Below are some records; output exactly the lines from the line with "Maffei Hotell Pinzolo Exteriör bild" to the line with "Apartamento à venda", both ends kept, and nothing more.

[Given data]

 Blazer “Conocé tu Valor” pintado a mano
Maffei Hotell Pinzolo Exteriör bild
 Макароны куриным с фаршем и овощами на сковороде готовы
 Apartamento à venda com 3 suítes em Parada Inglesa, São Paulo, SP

[/Given data]
[Given data]

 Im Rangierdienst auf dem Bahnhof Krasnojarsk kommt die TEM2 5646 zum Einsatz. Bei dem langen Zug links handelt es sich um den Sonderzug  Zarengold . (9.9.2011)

[/Given data]

Exercise solution.
Maffei Hotell Pinzolo Exteriör bild
 Макароны куриным с фаршем и овощами на сковороде готовы
 Apartamento à venda com 3 suítes em Parada Inglesa, São Paulo, SP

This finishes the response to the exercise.